Merry Christmas & Happy Holidays to all of you from Best Homes & the Northrup Family!

 

 

Yep - we've all completed another trip around the sun.  Hard to believe, but we've spun around in a circle almost 365 times and taken another lap though the oval of our solar system.  Feeling dizzy?  You have a right to be disoriented!

Yesterday morning before work I was fortunate enough to witness the blood flowing from the wound in my shin, inflicted when the idiot-assed mesh that was on the Christmas Tree broke as I carried the Noble Fir into the house.  The obligatory 'fresh cut' at the base of the tree created a neat, sharp edge that cleanly sliced the skin and allowed my red blood to seep out onto the green of the needles.

How festive!  I'd created my own Christmas collage!  Red & Green together!  Ahhh, the joy of Christmas!

My wife gives me subtle hints that it's time to decorate: just before thanksgiving I find the outdoor lights placed where my surfboard once was.  Is this a hint?  Or an ultimatum?  "No surfing for you until the house is decorated..."  So it's out to the garage for the ladder and out the upstairs window to hang those pesky strings in my preset hooks.  I've got it down to a science; the lights go up in less than an hour.  Then, it takes 2 to 3 hours to get the buggers working.  (I'm looking forward to meeting the inventor of the 'icicle' lights, where one is out and an entire section goes dark - he'll be right there with the "Can you hear me now?" Verizon dork.  I've yet to commit a homicide, but meeting either of those two might put put me over the edge...)  The lighted lawn Reindeer rusted out last year and were sent to the big North Pole in the sky, but the snap-together snowman has survived to make it this season.

By the time the tree is up and the lights are on and my chores are complete I'm truly in the mood to watch some Holiday movies.  It's time to relax and enjoy such classics as 'A Christmas Carol', or 'How the Grinch Stole Christmas', or even 'It's a Wonderful Life'.  I settle into the couch after I've electrocuted myself, pinched fingers, and bandaged wounds, with the urge to play the stories backward so they have a happy ending.  You get it?  Scrooge stays Scrooge, the Grinch gets away with stealing Christmas, and Mr. Potter owns Bedford Falls.

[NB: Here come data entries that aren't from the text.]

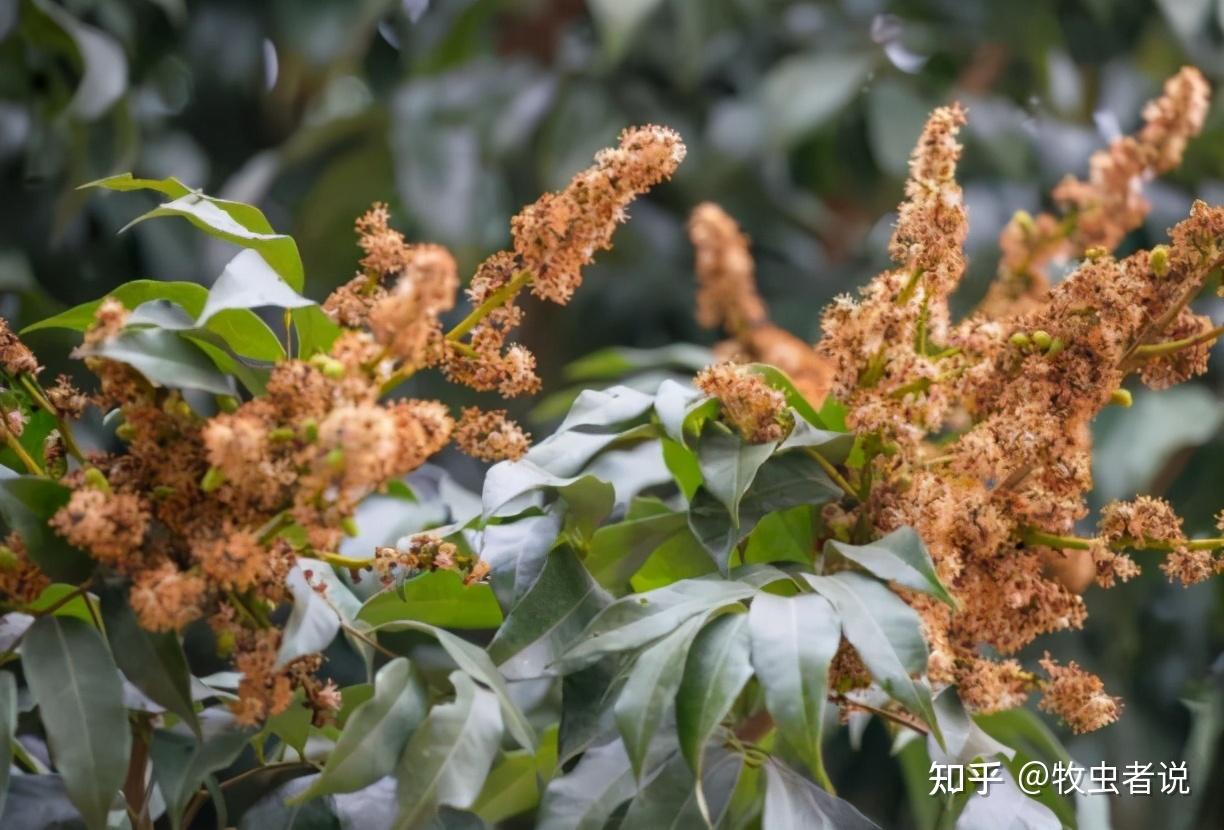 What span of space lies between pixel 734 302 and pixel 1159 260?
434 mm

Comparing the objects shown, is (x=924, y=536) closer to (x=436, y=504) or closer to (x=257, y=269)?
(x=257, y=269)

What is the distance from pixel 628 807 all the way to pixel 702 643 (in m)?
0.09

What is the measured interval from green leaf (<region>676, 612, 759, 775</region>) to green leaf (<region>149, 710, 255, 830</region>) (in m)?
0.15

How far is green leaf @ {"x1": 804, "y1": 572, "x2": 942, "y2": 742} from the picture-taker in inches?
16.1

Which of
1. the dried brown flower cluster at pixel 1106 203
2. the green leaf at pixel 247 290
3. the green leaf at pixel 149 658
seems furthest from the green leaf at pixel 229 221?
the dried brown flower cluster at pixel 1106 203

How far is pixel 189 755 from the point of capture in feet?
1.51

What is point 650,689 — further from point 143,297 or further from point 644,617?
point 143,297

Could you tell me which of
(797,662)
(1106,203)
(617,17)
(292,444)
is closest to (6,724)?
(292,444)

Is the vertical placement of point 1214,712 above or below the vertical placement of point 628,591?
below

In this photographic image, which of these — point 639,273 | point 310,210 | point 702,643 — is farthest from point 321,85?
point 702,643

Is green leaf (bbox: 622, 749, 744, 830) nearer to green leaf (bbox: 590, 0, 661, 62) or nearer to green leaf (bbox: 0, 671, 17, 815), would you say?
green leaf (bbox: 0, 671, 17, 815)

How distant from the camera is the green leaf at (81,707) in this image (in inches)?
15.4

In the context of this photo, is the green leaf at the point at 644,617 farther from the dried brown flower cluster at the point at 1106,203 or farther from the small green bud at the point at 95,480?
the dried brown flower cluster at the point at 1106,203

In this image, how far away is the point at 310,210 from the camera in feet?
4.32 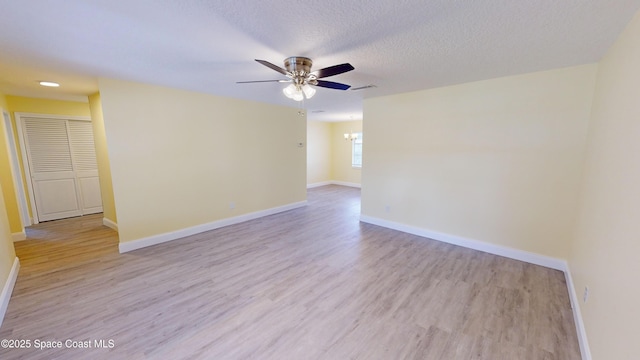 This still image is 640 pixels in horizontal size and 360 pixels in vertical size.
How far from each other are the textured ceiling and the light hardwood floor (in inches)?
91.4

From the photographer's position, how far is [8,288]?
7.77 ft

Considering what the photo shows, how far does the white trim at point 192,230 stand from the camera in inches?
135

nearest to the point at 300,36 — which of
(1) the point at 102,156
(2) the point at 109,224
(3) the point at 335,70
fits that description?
(3) the point at 335,70

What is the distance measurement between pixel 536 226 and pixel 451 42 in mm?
2512

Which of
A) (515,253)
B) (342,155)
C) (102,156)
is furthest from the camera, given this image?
(342,155)

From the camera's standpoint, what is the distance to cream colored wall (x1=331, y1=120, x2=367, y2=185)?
8477 mm

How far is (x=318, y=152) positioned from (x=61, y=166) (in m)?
6.39

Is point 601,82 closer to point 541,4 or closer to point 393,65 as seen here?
point 541,4

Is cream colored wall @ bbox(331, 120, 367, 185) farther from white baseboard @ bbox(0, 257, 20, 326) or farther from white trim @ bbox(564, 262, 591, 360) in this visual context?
white baseboard @ bbox(0, 257, 20, 326)

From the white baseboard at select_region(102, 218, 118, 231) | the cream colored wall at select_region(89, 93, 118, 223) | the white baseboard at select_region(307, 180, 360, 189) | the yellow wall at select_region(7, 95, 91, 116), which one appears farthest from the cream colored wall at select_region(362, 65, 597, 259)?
the yellow wall at select_region(7, 95, 91, 116)

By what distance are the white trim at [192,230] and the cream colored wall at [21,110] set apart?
7.23ft

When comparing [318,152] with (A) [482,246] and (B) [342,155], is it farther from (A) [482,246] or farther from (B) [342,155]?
(A) [482,246]

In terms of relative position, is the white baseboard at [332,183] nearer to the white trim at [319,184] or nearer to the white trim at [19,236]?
the white trim at [319,184]

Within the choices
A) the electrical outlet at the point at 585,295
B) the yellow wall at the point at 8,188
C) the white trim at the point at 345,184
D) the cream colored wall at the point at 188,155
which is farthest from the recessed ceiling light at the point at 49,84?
the white trim at the point at 345,184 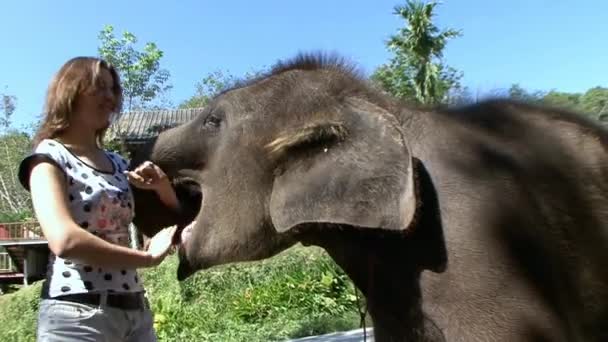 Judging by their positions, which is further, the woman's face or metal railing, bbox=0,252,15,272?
metal railing, bbox=0,252,15,272

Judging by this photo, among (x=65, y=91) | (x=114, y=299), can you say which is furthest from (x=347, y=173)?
(x=65, y=91)

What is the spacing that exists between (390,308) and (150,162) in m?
1.21

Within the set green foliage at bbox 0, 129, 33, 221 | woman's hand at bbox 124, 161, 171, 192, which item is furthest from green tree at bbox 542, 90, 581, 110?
green foliage at bbox 0, 129, 33, 221

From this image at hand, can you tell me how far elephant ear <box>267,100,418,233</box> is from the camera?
6.73 ft

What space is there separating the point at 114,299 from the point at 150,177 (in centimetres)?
51

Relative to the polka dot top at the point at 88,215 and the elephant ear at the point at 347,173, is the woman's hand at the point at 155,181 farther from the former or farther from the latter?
the elephant ear at the point at 347,173

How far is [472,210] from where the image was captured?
203 cm

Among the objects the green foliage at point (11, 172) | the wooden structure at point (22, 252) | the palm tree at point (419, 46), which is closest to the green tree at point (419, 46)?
the palm tree at point (419, 46)

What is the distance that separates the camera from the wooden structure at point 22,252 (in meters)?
29.5

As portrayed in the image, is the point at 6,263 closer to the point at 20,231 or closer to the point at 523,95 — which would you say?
the point at 20,231

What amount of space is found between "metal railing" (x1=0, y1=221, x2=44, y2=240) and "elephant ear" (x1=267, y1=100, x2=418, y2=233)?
30553 mm

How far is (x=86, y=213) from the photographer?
2.65 metres

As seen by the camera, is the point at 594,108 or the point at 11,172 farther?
the point at 11,172

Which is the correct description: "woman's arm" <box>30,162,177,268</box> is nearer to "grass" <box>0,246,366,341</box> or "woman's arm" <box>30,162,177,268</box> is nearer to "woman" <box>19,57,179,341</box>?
"woman" <box>19,57,179,341</box> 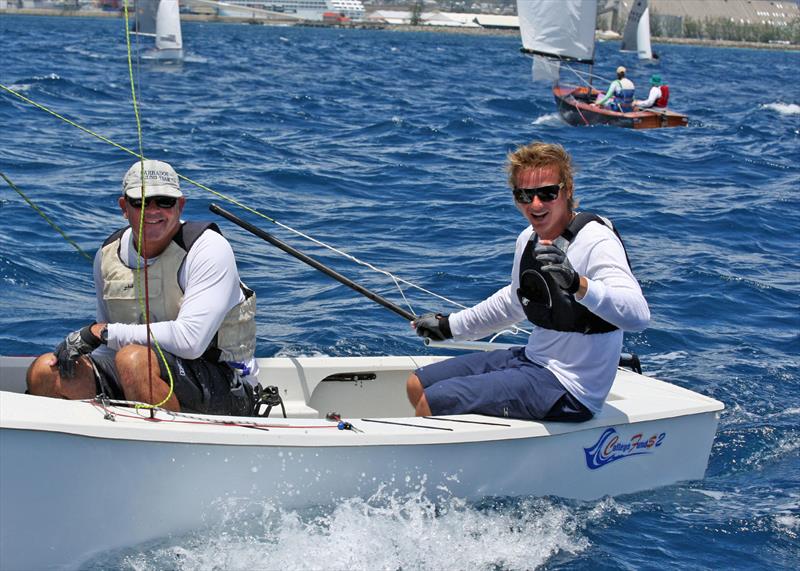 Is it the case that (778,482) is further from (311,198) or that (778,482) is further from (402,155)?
(402,155)

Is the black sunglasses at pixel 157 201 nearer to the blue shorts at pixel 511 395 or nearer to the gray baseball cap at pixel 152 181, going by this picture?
the gray baseball cap at pixel 152 181

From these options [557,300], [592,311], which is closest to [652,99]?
[557,300]

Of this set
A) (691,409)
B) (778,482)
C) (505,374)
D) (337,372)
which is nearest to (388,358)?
(337,372)

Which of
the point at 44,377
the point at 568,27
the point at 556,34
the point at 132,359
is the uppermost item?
the point at 568,27

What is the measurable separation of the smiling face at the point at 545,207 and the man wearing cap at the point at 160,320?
3.75 ft

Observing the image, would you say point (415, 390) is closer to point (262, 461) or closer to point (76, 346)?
point (262, 461)

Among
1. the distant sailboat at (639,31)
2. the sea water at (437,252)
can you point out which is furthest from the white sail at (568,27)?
the distant sailboat at (639,31)

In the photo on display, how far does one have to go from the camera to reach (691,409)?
4777mm

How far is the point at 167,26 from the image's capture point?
3372 cm

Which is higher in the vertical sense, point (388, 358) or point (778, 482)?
point (388, 358)

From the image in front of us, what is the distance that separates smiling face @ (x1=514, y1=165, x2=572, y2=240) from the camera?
4023 millimetres

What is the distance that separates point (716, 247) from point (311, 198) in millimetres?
4137

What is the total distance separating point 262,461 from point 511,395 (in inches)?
41.5

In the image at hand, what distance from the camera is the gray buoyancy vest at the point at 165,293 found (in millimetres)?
4141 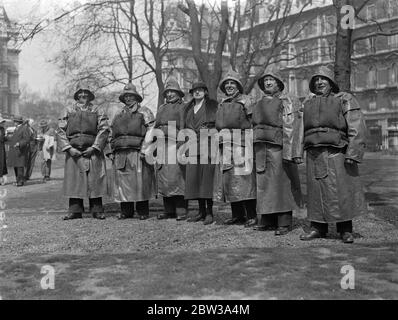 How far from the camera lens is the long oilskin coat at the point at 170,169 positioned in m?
7.32

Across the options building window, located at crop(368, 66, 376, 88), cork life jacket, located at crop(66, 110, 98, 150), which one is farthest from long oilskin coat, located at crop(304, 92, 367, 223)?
building window, located at crop(368, 66, 376, 88)

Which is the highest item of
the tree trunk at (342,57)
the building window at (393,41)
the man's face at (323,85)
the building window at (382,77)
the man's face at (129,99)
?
the building window at (393,41)

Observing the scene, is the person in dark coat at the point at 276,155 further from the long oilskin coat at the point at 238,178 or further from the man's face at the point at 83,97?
the man's face at the point at 83,97

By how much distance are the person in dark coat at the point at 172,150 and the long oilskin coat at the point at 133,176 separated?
6.7 inches

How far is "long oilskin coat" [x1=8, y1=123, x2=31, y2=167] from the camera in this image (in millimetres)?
14016

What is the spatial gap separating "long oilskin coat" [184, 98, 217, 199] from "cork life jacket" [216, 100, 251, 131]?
333 mm

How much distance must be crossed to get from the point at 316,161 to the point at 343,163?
0.31 m

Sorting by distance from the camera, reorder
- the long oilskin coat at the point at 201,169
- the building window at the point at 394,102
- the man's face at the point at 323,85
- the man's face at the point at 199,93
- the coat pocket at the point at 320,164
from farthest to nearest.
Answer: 1. the building window at the point at 394,102
2. the man's face at the point at 199,93
3. the long oilskin coat at the point at 201,169
4. the man's face at the point at 323,85
5. the coat pocket at the point at 320,164

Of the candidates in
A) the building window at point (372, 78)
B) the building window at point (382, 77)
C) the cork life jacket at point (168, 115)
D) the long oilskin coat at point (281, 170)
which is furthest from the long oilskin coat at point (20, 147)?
the building window at point (372, 78)

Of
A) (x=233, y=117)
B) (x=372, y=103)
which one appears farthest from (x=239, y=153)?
(x=372, y=103)

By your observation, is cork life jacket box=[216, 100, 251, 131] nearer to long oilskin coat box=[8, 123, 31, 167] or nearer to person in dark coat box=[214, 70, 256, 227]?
person in dark coat box=[214, 70, 256, 227]

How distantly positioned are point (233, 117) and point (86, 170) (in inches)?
96.4
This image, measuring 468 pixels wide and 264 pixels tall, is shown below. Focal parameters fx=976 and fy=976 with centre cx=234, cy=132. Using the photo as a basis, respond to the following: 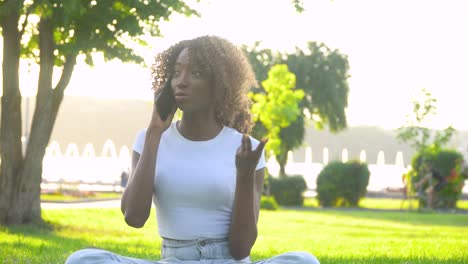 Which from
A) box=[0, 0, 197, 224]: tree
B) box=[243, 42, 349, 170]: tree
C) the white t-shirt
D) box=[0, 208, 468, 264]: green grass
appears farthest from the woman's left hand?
box=[243, 42, 349, 170]: tree

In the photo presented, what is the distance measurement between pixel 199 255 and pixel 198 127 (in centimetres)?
66

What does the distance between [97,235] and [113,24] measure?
12.8ft

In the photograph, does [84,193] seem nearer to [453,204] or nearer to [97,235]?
[453,204]

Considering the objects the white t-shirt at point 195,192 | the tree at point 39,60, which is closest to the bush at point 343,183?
the tree at point 39,60

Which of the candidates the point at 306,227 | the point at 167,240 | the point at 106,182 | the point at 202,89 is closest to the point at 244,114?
the point at 202,89

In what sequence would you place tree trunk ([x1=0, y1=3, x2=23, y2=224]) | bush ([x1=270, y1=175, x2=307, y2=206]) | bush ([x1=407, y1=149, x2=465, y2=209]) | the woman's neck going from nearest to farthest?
the woman's neck
tree trunk ([x1=0, y1=3, x2=23, y2=224])
bush ([x1=407, y1=149, x2=465, y2=209])
bush ([x1=270, y1=175, x2=307, y2=206])

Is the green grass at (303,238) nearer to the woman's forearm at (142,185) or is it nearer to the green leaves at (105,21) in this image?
the green leaves at (105,21)

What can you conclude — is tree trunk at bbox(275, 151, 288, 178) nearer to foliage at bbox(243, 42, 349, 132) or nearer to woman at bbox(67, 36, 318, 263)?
foliage at bbox(243, 42, 349, 132)

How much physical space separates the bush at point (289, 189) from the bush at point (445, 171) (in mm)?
4773

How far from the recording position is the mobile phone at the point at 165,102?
16.0ft

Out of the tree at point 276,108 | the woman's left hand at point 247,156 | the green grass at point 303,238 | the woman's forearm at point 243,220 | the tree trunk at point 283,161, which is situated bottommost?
the green grass at point 303,238

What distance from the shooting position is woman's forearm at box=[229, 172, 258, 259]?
4617 mm

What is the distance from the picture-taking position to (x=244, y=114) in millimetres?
5227

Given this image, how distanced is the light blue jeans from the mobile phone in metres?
0.64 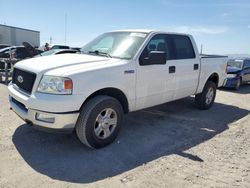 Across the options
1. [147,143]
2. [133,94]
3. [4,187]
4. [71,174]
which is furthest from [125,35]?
[4,187]

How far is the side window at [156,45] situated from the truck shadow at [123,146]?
1.56 m

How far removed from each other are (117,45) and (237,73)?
867 centimetres

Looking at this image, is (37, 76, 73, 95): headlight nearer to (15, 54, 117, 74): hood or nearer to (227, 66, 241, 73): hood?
(15, 54, 117, 74): hood

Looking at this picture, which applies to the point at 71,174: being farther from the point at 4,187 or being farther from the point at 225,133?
the point at 225,133

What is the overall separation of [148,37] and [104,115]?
180cm

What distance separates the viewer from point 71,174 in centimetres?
358

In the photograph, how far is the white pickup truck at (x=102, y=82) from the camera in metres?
3.84

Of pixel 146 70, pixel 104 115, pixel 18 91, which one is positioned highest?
pixel 146 70

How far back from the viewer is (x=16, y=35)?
133ft

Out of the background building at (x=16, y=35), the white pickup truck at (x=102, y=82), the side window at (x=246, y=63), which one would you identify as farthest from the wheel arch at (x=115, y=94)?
the background building at (x=16, y=35)

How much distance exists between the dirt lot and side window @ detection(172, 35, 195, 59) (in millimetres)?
1524

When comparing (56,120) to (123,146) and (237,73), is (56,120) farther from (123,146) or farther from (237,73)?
(237,73)

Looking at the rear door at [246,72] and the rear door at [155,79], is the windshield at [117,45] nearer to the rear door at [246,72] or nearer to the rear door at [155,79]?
the rear door at [155,79]

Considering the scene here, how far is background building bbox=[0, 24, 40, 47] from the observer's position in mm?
38875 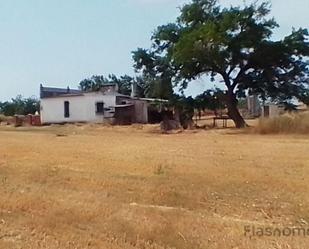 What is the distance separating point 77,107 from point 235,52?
21.2 metres

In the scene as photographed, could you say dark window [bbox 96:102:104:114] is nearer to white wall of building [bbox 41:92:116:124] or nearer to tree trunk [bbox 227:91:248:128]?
white wall of building [bbox 41:92:116:124]

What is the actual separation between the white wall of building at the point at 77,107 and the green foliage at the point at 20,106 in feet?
64.7

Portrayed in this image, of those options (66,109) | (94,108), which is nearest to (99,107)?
(94,108)

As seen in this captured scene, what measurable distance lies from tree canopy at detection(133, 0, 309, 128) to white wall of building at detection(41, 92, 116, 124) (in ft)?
44.7

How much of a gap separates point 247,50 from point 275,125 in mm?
8399

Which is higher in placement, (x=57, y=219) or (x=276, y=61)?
(x=276, y=61)

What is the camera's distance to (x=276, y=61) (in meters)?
32.4

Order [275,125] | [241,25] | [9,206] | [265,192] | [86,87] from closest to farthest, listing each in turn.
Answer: [9,206] < [265,192] < [275,125] < [241,25] < [86,87]

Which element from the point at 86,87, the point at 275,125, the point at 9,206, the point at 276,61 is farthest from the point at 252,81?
the point at 86,87

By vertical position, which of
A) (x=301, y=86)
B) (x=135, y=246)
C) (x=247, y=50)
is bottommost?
(x=135, y=246)

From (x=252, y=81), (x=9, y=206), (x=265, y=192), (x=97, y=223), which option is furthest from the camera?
(x=252, y=81)

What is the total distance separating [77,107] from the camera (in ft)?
162

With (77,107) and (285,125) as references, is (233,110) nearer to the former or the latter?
(285,125)

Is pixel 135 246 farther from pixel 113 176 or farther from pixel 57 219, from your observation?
pixel 113 176
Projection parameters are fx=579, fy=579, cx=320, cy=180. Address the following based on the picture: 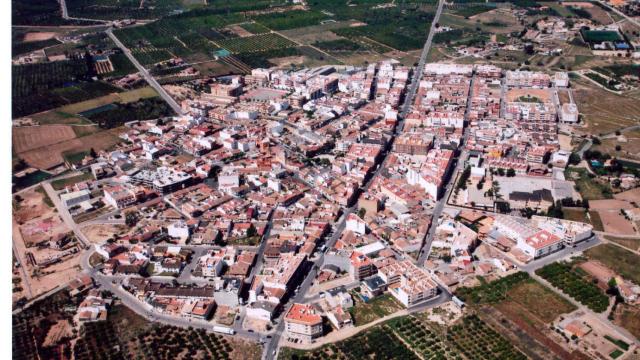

Ahhh, the joy of Christmas!

But, in retrospect every year it's worth it.  I know that for every single hour I put in making the Holiday special for the kids and friends and family, my wife puts in four.  I appreciate her so much.  For the kids, this is a special time, and she makes it wonderful for them.  I try too, but can't hold a Christmas candle to her efforts.

I could go on with more drivel, but really I just wanted to say Merry Christmas, Happy Hanukkah, or just plain Happy Holidays to everyone who is not too busy to take a moment & read this.

Happy New Year too!  Hang on tight & get ready for another trip around the sun!